Partitioning Secondary Indexes by Term
Rather than each partition having its own secondary index (a local index), we can construct a global index that covers data in all partitions. However, we can’t just store that index on one node, since it would likely become a bottleneck and defeat the purpose of partitioning. A global index must also be partitioned, but it can be partitioned differently from the primary key index.
Figure 6-5 illustrates what this could look like: red cars from all partitions appear under color:red in the index, but the index is partitioned so that colors starting with the letters a to r appear in partition 0 and colors starting with s to z appear in partition 1. The index on the make of car is partitioned similarly (with the partition boundary being between f and h).
We call this kind of index term-partitioned, because the term we’re looking for determines the partition of the index. Here, a term would be color:red, for example. The name term comes from full-text indexes (a particular kind of secondary index), where the terms are all the words that occur in a document.

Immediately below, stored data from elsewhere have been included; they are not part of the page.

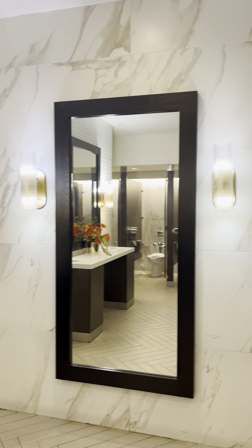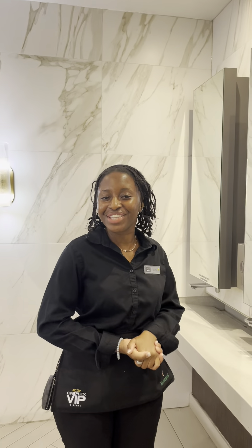Let's go! Hello and welcome to the VIP Cinema in Bokwila.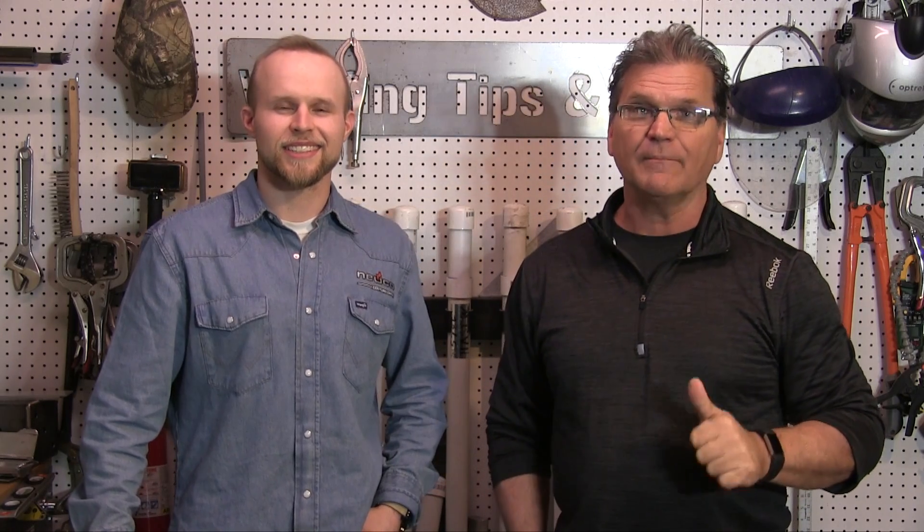Hey, thanks for watching another video from WeldingTipsAndTricks.com. I'm Jody Collier and I'm Andrew Cotton. Andrew's with a company called NuCo, a Century company. It's a gas piping distribution, so he welds a lot of API code downhill 6010 pipe. There's a new thing coming down the pike — uphill 7016 low hydrogen route. We're going to be working on that today. Thanks to NuCo for letting him come and work with me.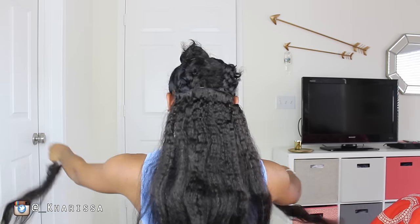Make sure you guys check out the cute bun I did with these clippings not too long ago.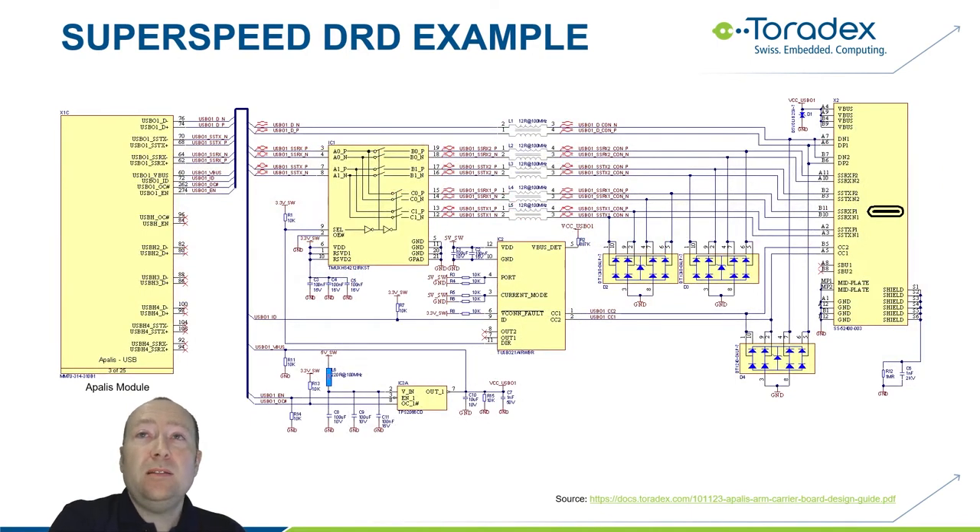For SuperSpeed, you need a multiplexer to detect cable orientation and select the A or B side. The TUSB321 also has a direction output for this purpose. There's a layout trick: by intentionally swapping the CC1 and CC2 pins, you can simply invert the direction pin to compensate, because it was easier to lay out the multiplexer with the outputs swapped — a neat little optimization.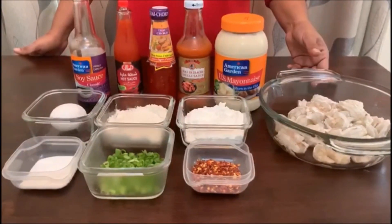Hi, I am Reena Robert. I am prepared for the dynamic shrimp. Let's start. These are the ingredients.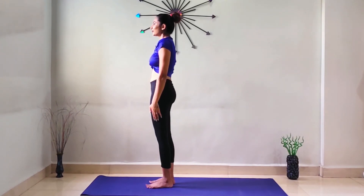Surya Namaskar is done in 12 steps and can be repeated 12 times. Thank you for watching. Do like, share, and subscribe to our channel. See you in my next video — till then, take care.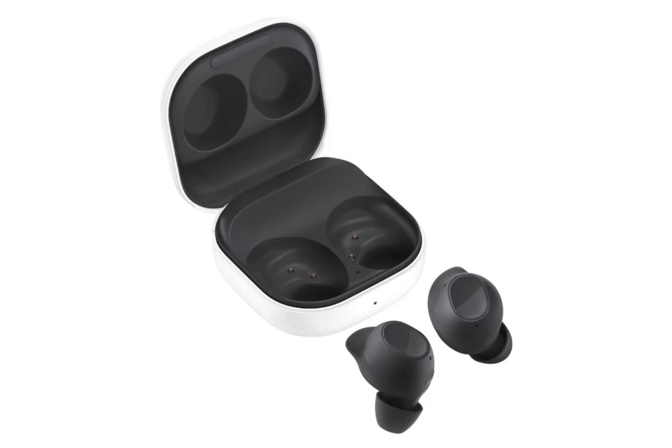Recent reports have revealed a few details about the Galaxy Buds FE, which will be Samsung's most affordable TWS earbuds. A new report, courtesy of Winfuture.de, has leaked new images of the Galaxy Buds FE. According to the report, the Galaxy Buds FE will be offered in two shades: graphite gray and white. It will sport a streamlined design compared to more premium offerings such as the Galaxy Buds 2 Pro and Buds 2. The outer shell features a clearly marked touch-sensitive area for controlling media playback with simple finger taps.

As before, we can partition the index by the term itself, or using a hash of the term. Partitioning by the term itself can be useful for range scans (e.g., on a numeric property, such as the asking price of the car), whereas partitioning on a hash of the term gives a more even distribution of load.
The advantage of a global (term-partitioned) index over a document-partitioned index is that it can make reads more efficient: rather than doing scatter/gather over all partitions, a client only needs to make a request to the partition containing the term that it wants. However, the downside of a global index is that writes are slower and more complicated, because a write to a single document may now affect multiple partitions of the index (every term in the document might be on a different partition, on a different node).
In an ideal world, the index would always be up to date, and every document written to the database would immediately be reflected in the index. However, in a term- partitioned index, that would require a distributed transaction across all partitions affected by a write, which is not supported in all databases (see Chapter 7 and Chapter 9).
In practice, updates to global secondary indexes are often asynchronous (that is, if you read the index shortly after a write, the change you just made may not yet be reflected in the index). For example, Amazon DynamoDB states that its global secondary indexes are updated within a fraction of a second in normal circumstances, but may experience longer propagation delays in cases of faults in the infrastructure [20].
Other uses of global term-partitioned indexes include Riak’s search feature [21] and the Oracle data warehouse, which lets you choose between local and global indexing [22]. We will return to the topic of implementing term-partitioned secondary indexes in Chapter 12.